There was a discussion at libc roundtable on the target triple of LLVM libc. (@michaelrj-google I failed to find the topic link, could you link the discussion here?)
This topic is for collecting general suggestions on the desired target triple for our libc.
The libc implementation typically decides the running environment. Hence, glibc, msvc, musl all have their own representations. For example, we have:
x86_64-pc-windows-msvc
aarch64-unknown-linux-gnu
x86_64-unknown-linux-musl
Historically, rust community choose to list the following in their tier2 target triples:
aarch64-pc-windows-gnullvm
i686-pc-windows-gnullvm
x86_64-pc-windows-gnullvm
These targets are for clang built MSYS2 environments.

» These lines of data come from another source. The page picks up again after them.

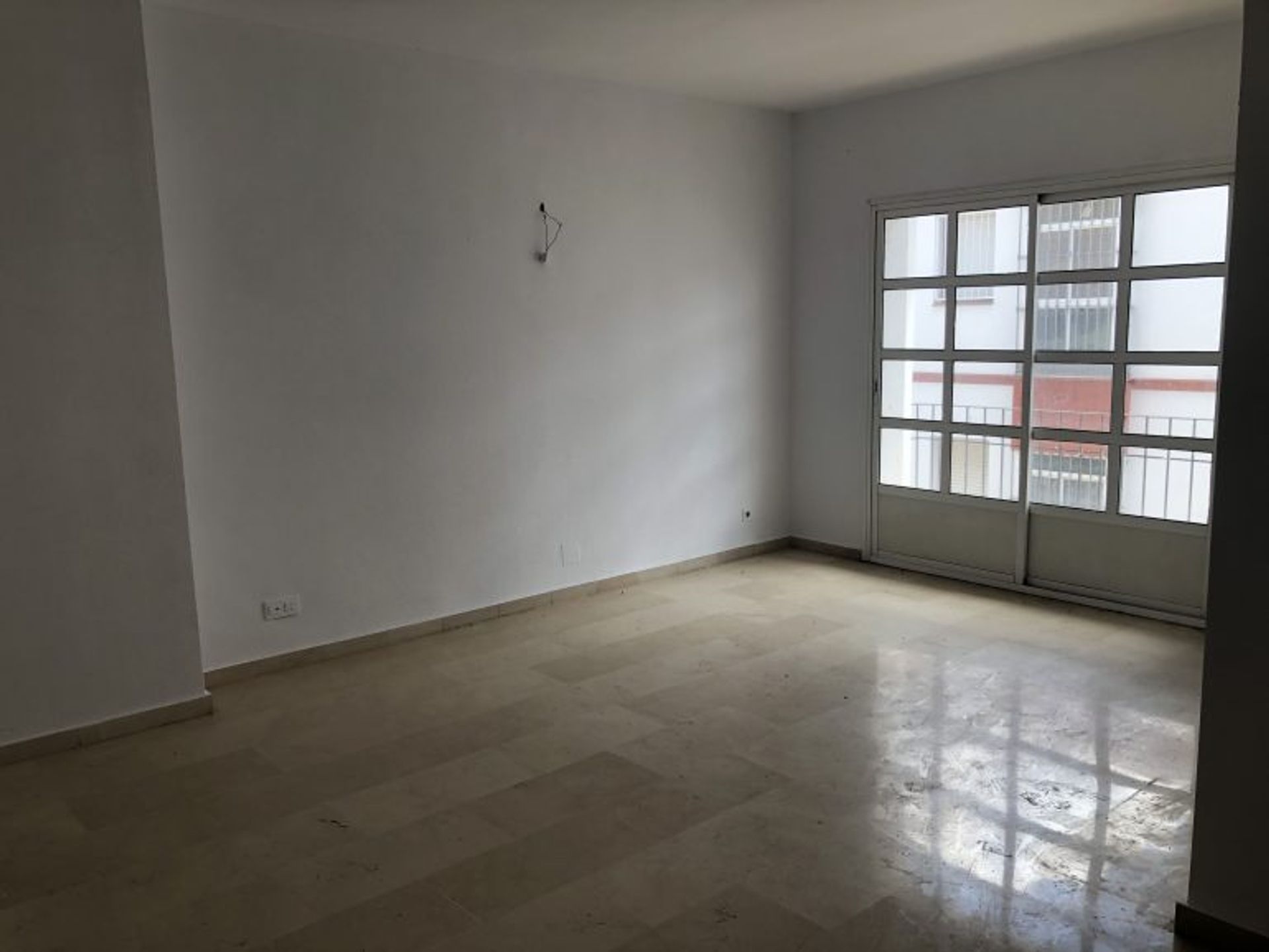 Condominio nel Olvera, Andalusia 10914184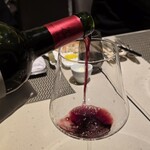 이타리아료우리 루칫코레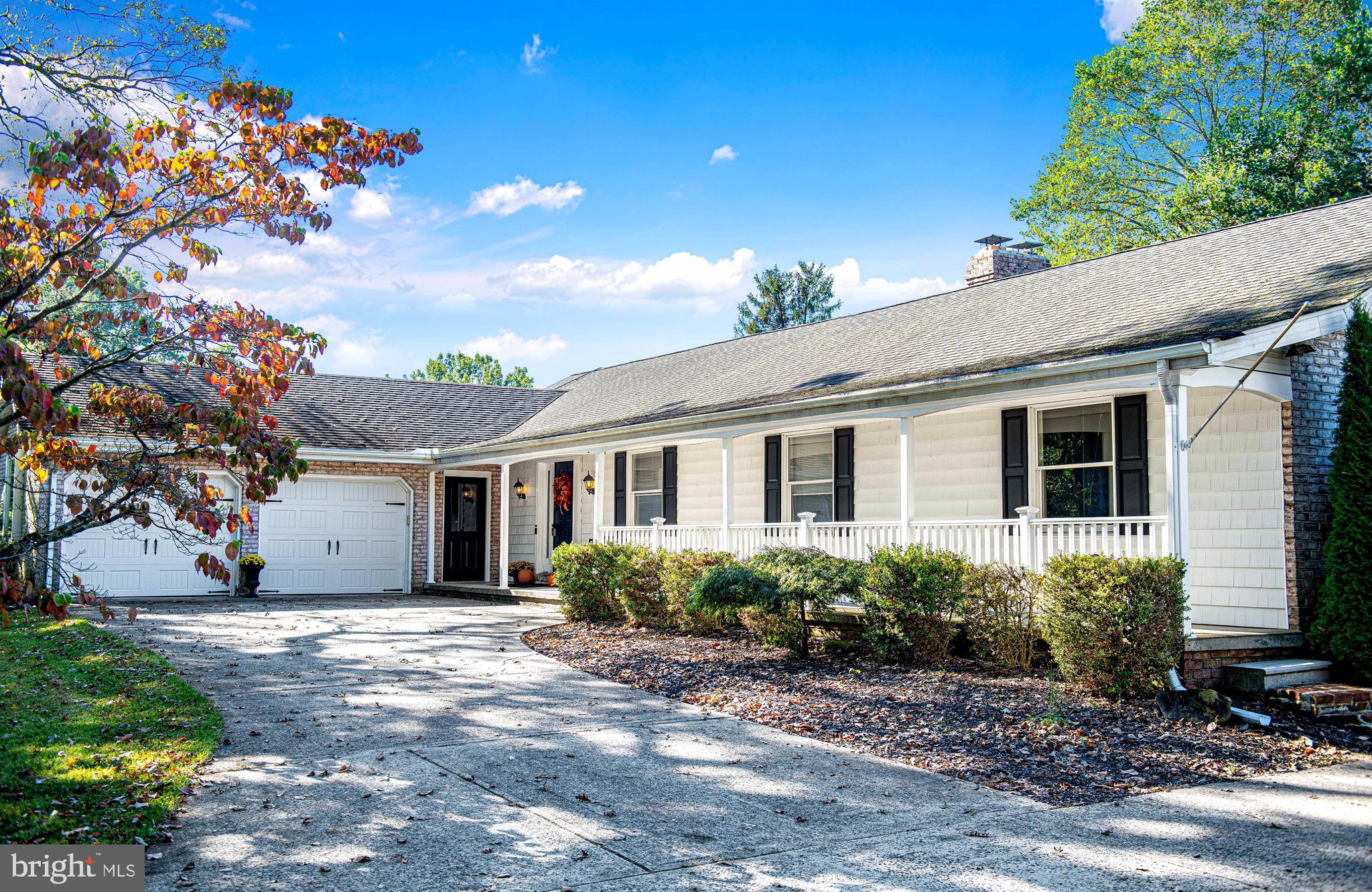 416 GREER ROAD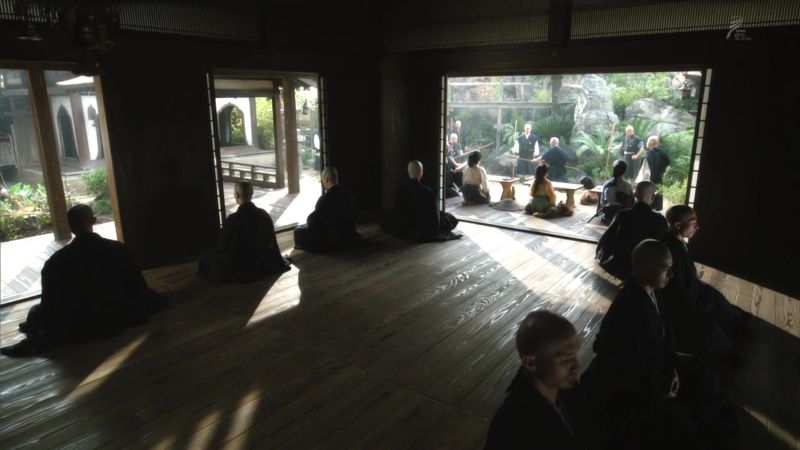 1545-Onna-Joshu-Naotora-Ryotan-ji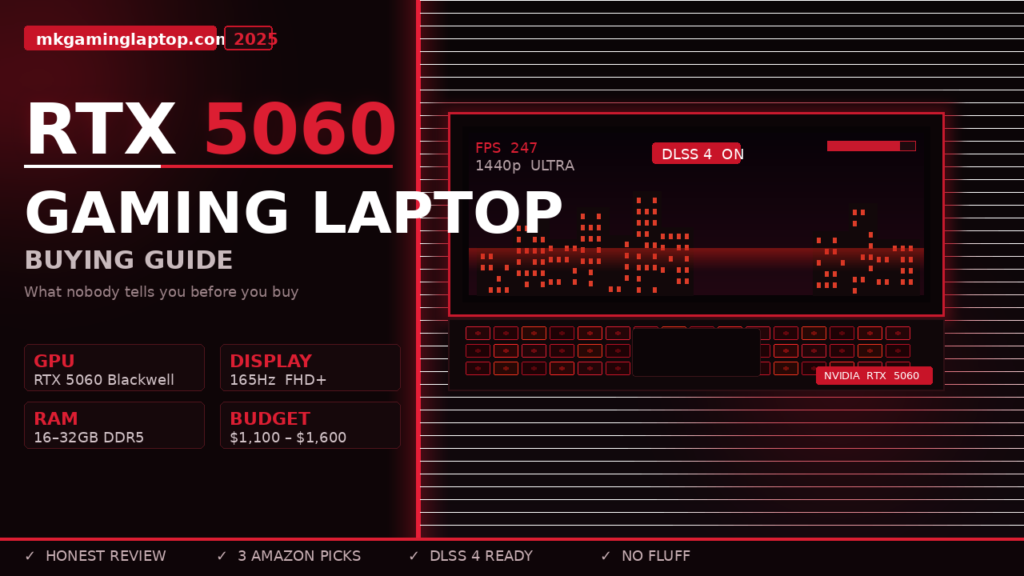 rtx5060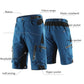Outdoor Sports Cycling Shorts Downhill Trousers【FREE SHIPPING】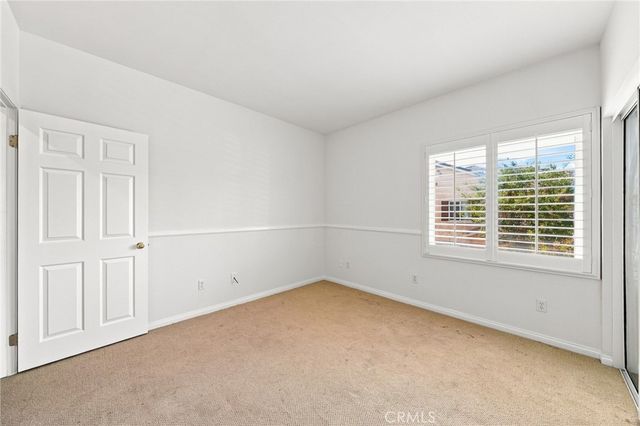 1138 N Euclid Street 5, Anaheim, CA 92801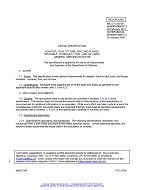 MIL MIL-DTL-5070F Amendment 3 (all prev amd incorp.) MIL MIL-DTL-5070F Amendment 3 (all prev amd incorp.)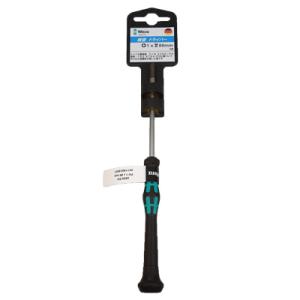クラフトフォームコンパクト 60i／iS Wera(ヴェラ) 059030 : 大工道具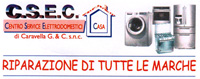 img-dx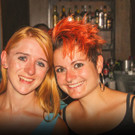 DSC06753_jpg-1498298333.jpg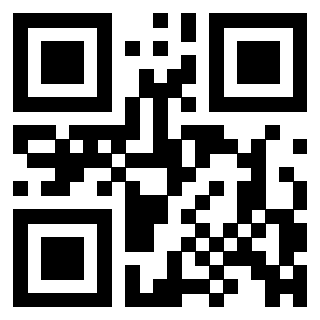 Il Qr Code di 3306614204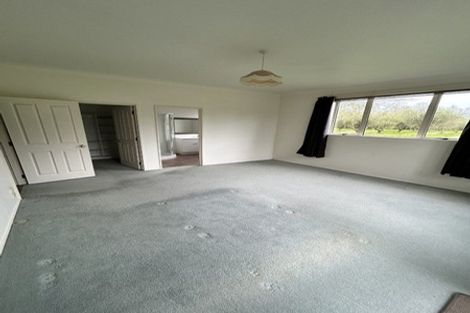 Photo of property in 51 Oak Street, Masterton, 5810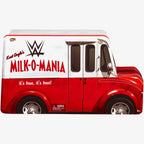 Milk-o-Mania - WWE Epic Moments (3-Pack)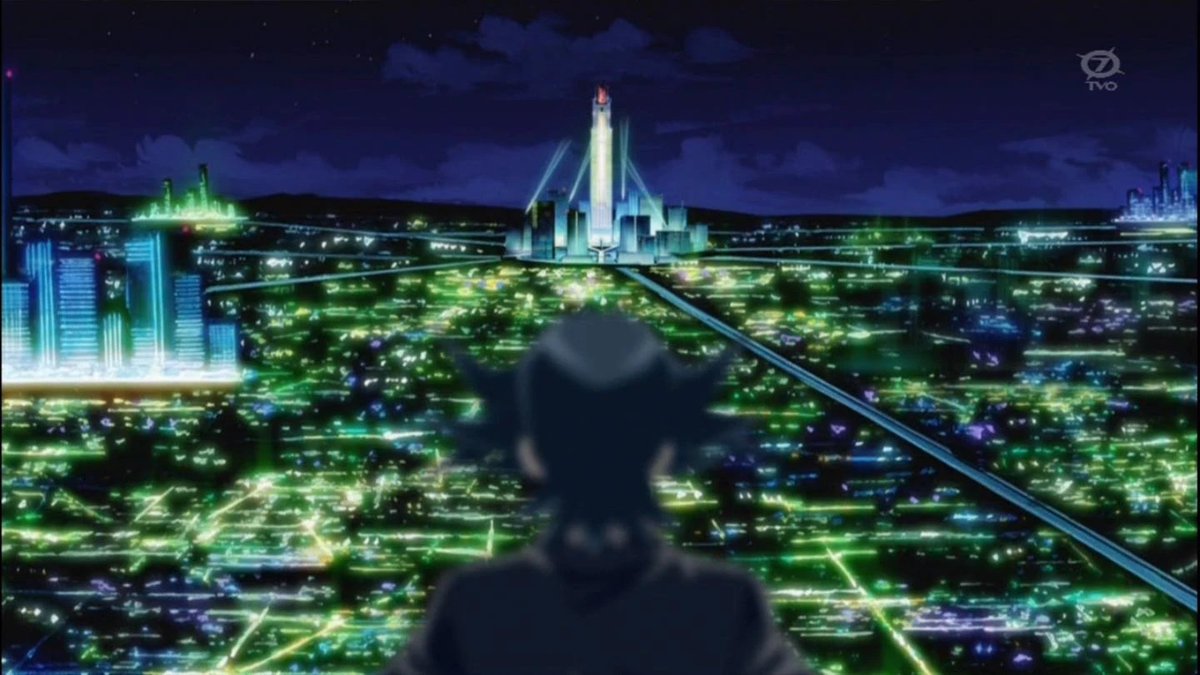 ThatSwellFella's tweet photo. Been a bit tired of the format for poke for a while now.  Going to sideline most of it until Atl Regionals, but this trip on just begun.

Next Exit. Domino City https://t.co/K31zN9RHNG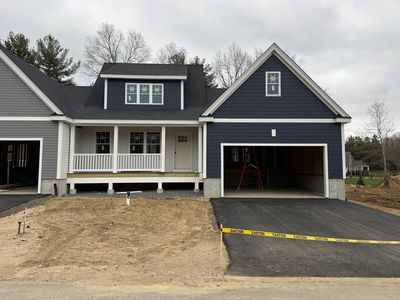 3 Harlow Brook Way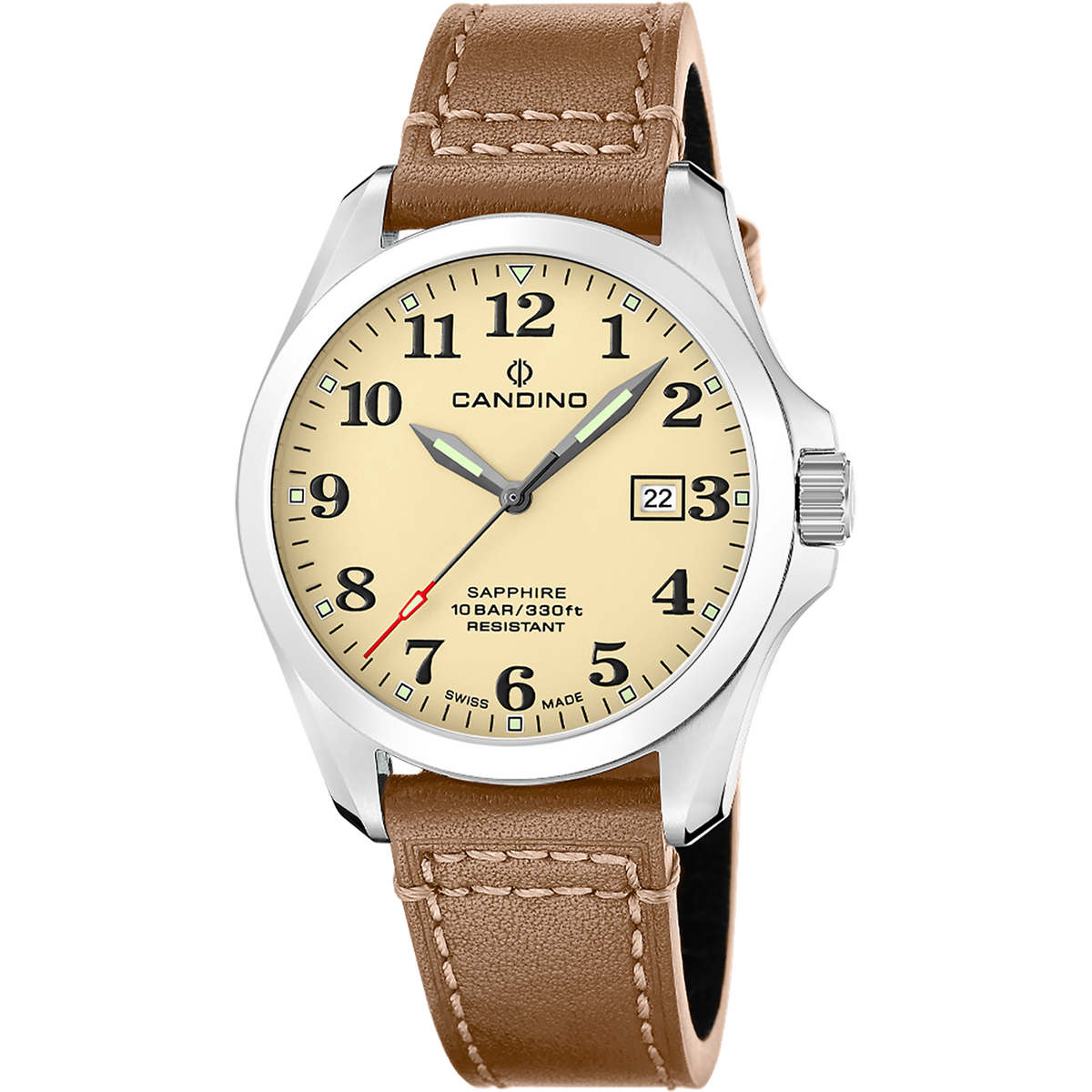 candino-c4785-1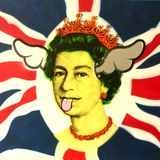 15 Cans of Stella - London Acid Techno - Vinyl Mix - June 2012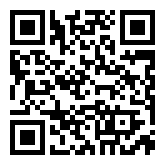 http://www.wlinfor.com/post/21229.html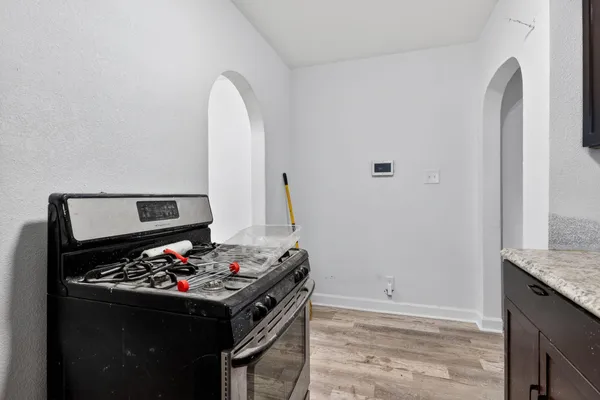 $139,900 | 4084 Tyler Street, Gary, IN 46408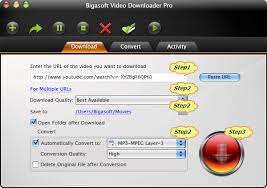 Image result for Orbit Downloader For Youtube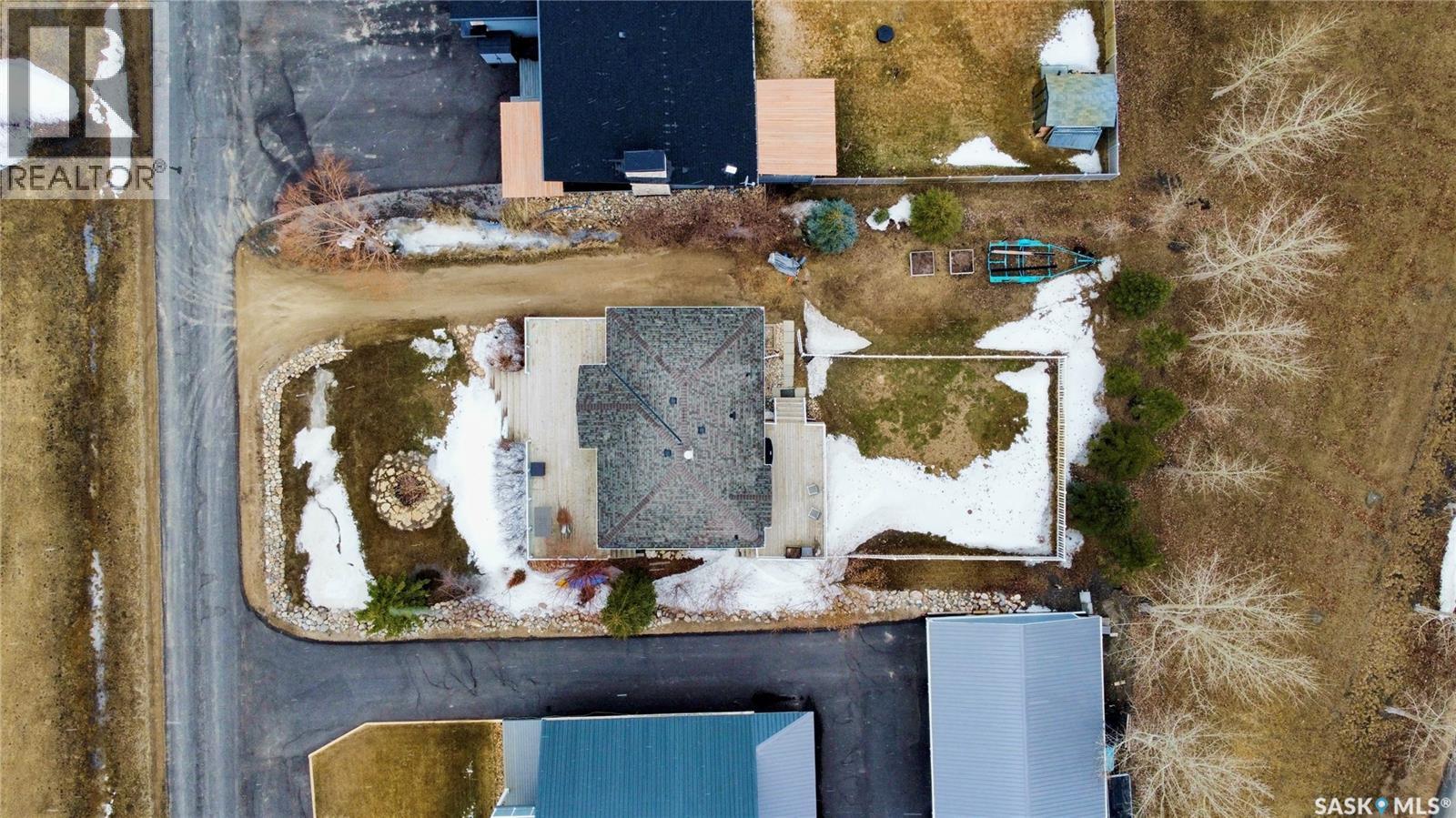 17 Poplar Drive, Katepwa Beach, Saskatchewan  S0G 2K0 - Photo 26 - SK032791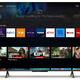 Philips televizorji dobili nov operacijski sistem – Titan OS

Although llvm-libc is trying to implement most functions that glibc provide, we may choose to diverge the behavior from glibc at some points. (In fact, there are already some different design decisions). Therefore, gnullvm may not be a good name.
Currently, -llvm seems to be the most suitable choice.
It should definitely be x86_64-unknown-linux-llvm. Having this as a separate triple would allow users to switch between the LLVM libc’s full build and their system default more easily. As is stands if you install the full build you’re probably going to have a lot of stuff break so it would be nice to handle this via multilibs.
We already version libc++ ABI and I think we should do so for LLVM libc as well. With that being said, we’re still far from having a stable ABI for LLVM libc so for the foreseeable future we’ll only have a single unstable version.
I don’t believe musl does the symbol versioning noise of glibc and seems to be fine. Definitely better to not do the library scope symbol versioning thing if we can avoid it.
(libc has a stable abi afaik - it’s the functions defined by C, with the C calling convention - am I overlooking something?)